◆ EXERCISE PROMPT:
Start the copy at the line holding "Three colorful lightning" and continue it exactly through the last line of the entries, leaving out pictures and anything else.

◆ Data items:
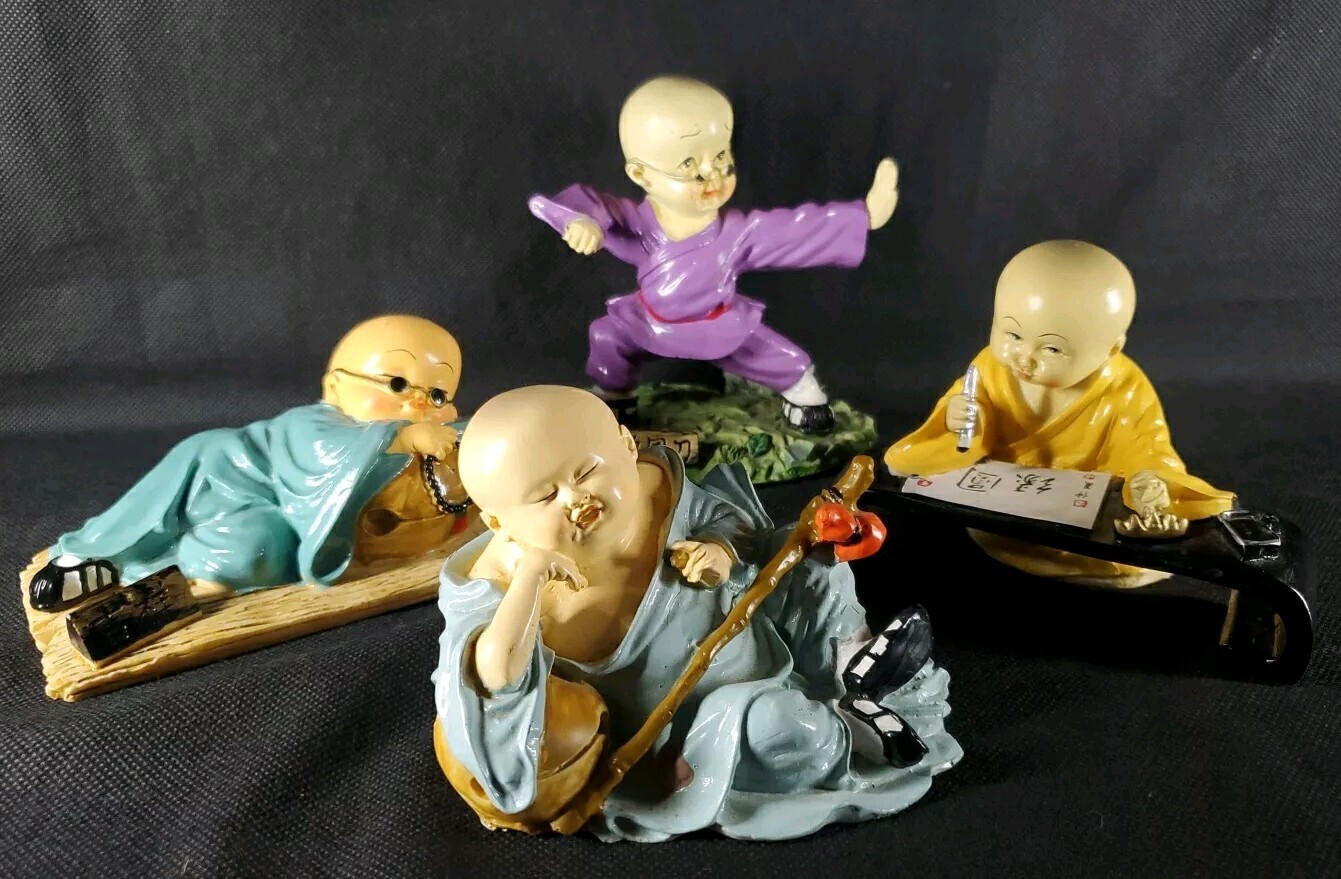 Buddha Shaolin Monk Baby 4.5″ Resin Figures Sleep Fight Write Kung Fu Set Lot **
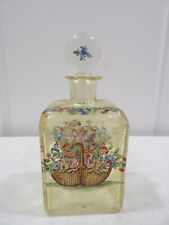 Fabulous Old VINTAGE CZECH Crackle Glass Perfume Decanter~Flower Baskets~Signed picture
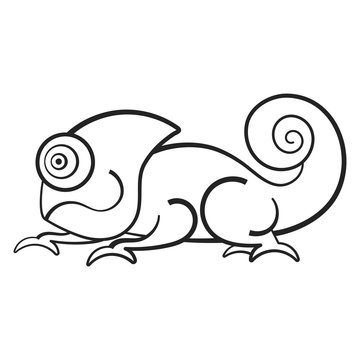 Black Vector Illustration With A Chameleon . It Can Be Used As A Coloring Antistress For Children.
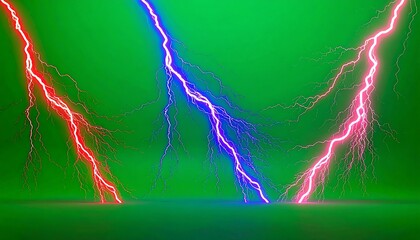 Three colorful lightning bolts strike towards the ground on a solid green backdrop. They are rendered with bright neon colors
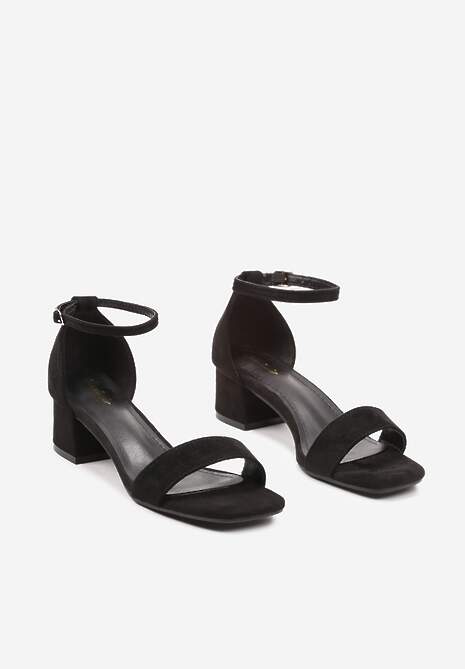 Czarne Sandały z Ekozamszu na Klasycznym Słupku Effiba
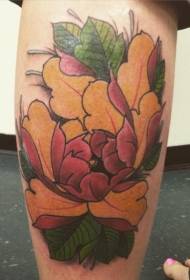Calf painted beautiful peony flower tattoo pattern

◆ ANSWER FOR THIS EXERCISE:
 Three colorful lightning bolts strike towards the ground on a solid green backdrop. They are rendered with bright neon colors
 Czarne Sandały z Ekozamszu na Klasycznym Słupku Effiba
Calf painted beautiful peony flower tattoo pattern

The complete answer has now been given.